Argument For More Debt

Mark Weisbrot writes yesterday in The Guardian about the benefit of an Obama second term and how the media facilitated that eventuality. His piece is, as Guardian pieces tend to be, fairly well reasoned in a liberally slanted manner, and I will comment on just one statement that he makes in support of America’s fiscal position. It is one much used by economists in arguing for continued deficit spending, and I regard it as absurd.

“For the record,” he says parenthetically, “the US currently pays less than 1% of GDP in net interest annually on the federal debt – less than it has paid during the past 60 years.”

When you make an application for credit, does the bank look at the amount of interest you pay as a percentage of your employer’s income? “I pay interest on my $400,000 mortgage at 3.9% which is $15,600. My employer’s income is $12.6 billion, so I am paying a mere 0.0012% of my employer’s income in interest.” Right, I don’t think so.

For a long time economists cited government interest as a percentage of government revenue. That, however, became a large and frightening percentage, so they began citing interest payments as a percentage of government expense. Since we spend more than we take in that was a smaller percentage, but eventually that also became a large and frightening percentage, and so now we are citing interest payment as a percentage of GDP. That is a completely meaningless number, but it has the advantage of being small and thus facilitates the argument for continued deficit spending.

Economists used to do the same thing with government debt, by the way. They cited the amount of the debt as a percentage of annual government revenue, then of annual government spending. When the amount of debt became larger than annual spending, that is the percentage was larger than 100%, the basis switched to a percentage of GDP and the basis for interest payments followed suit.

I have no idea what basis they will use when the debt as a ratio of GDP becomes too large as it has in, for instance, Japan, where it is more than 200% of GDP. Probably use the world economy or some fictional World Bank balance.

The other nonsensical aspect of this issue is that the reason for our low cost of interest on the debt is that government has artificially set interest rates at zero and left them there indefinitely. The reasons why this is a pernicious policy are too numerous to go into here, but the policy is idiotic in the extreme and eventually the interest rate which we pay on that debt is going to go back up to a sane level. When it does the grits, as we say in the south, are really going to hit the fan.

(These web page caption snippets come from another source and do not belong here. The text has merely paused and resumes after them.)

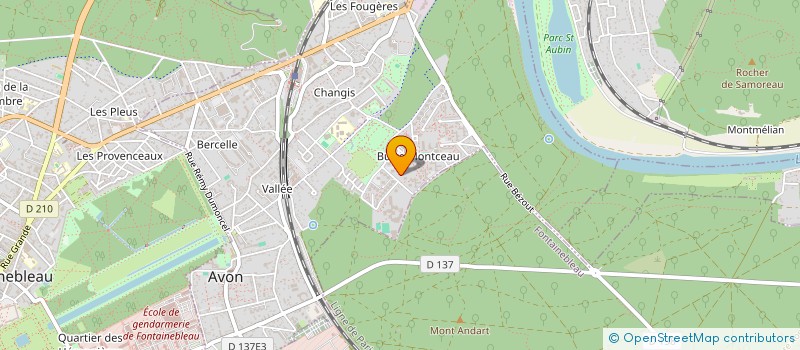 localisation de l'entreprise MADAME CECILE GRANDCLAUDON  VILLEMER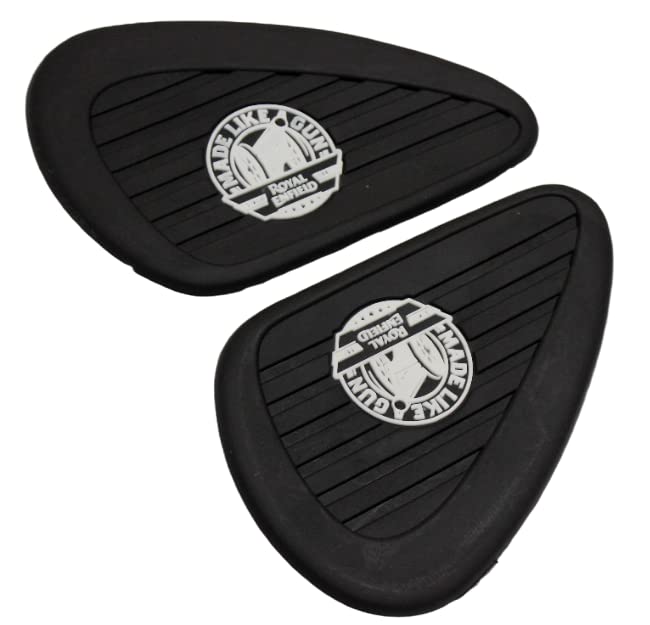MIKANIX Anti Slip Silicone Tank Pad/Thai Pad Waterproof Peel and Stick Metal Sticker for Royal Enfield All Bikes , 25 x 38 Centimeters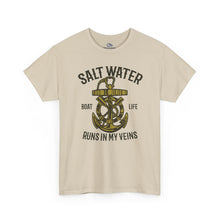 Load image into Gallery viewer, Salt Water Runs In My Veins T‑Shirt
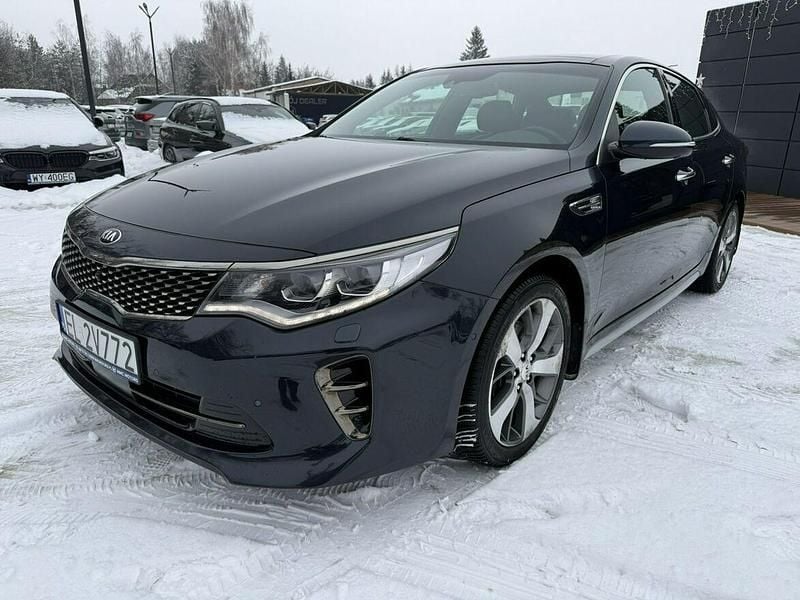 Niebieski ciemny (metalik) Używany 2018 Kia Optima GT-Line Sedan/Limuzyna | 66 800 zł (Drogi) - Obraz 1/3
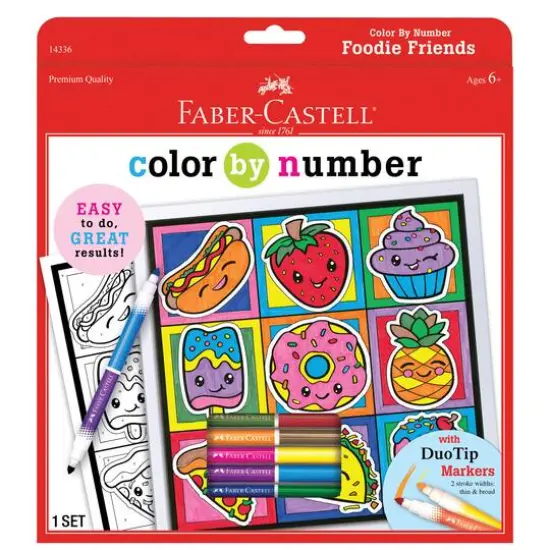 Faber-Castell&reg; Color By Number Foodie Friends Set {1}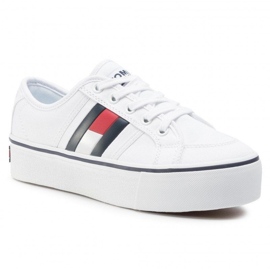 Tommy Hilfiger Tommy Jeans Sneaker Flatform Flag EN0EN00944-YBR bianco 1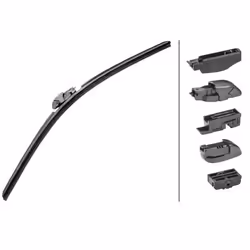 Wiper blade; HELLA; Cleantech; 525 Front Beam for left-hand drive vehicles 21; for VOLKSWAGEN, AUDI, SKODA, MERCEDES-BENZ, HO ...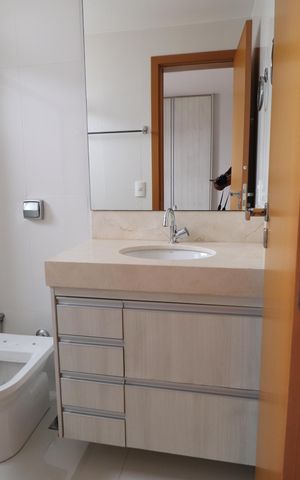 Apartamento para alugar com 135m², 3 quartos e 2 vagasBanheiro do Quarto 2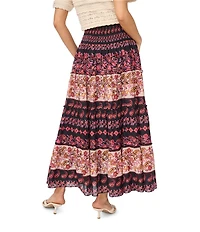 CeCe Smock Waist Maxi Skirt
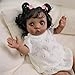 Peeka Reborn Baby Doll - 16 Inch Cloth Body African American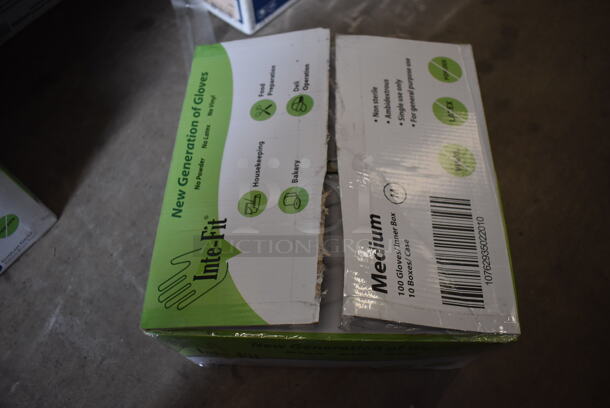 ALL ONE MONEY! Lot of 5 Boxes of Inte-Fit Gloves; 3 Large and 2 Medium - Image 3 of 5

If you don’t know what grits are, I recommend Wikipedia, although it says that they can be fried in vegetable oil or butter. Good God. Frying them in anything other than bacon drippings or lard would be criminal.

1 comment:

  1. bruce9:50 AM

    GDP is a poor basis for calculating.. whatever they are doing. GDP indiates all goods and services, not income or outgo or expenses. And the government doesn't get this as income or taxes or anything. Most or all of that is non-governmental anyway.

    Another spin to hide troubles, ignorance is bliss. Until the grits hit the fan indeed.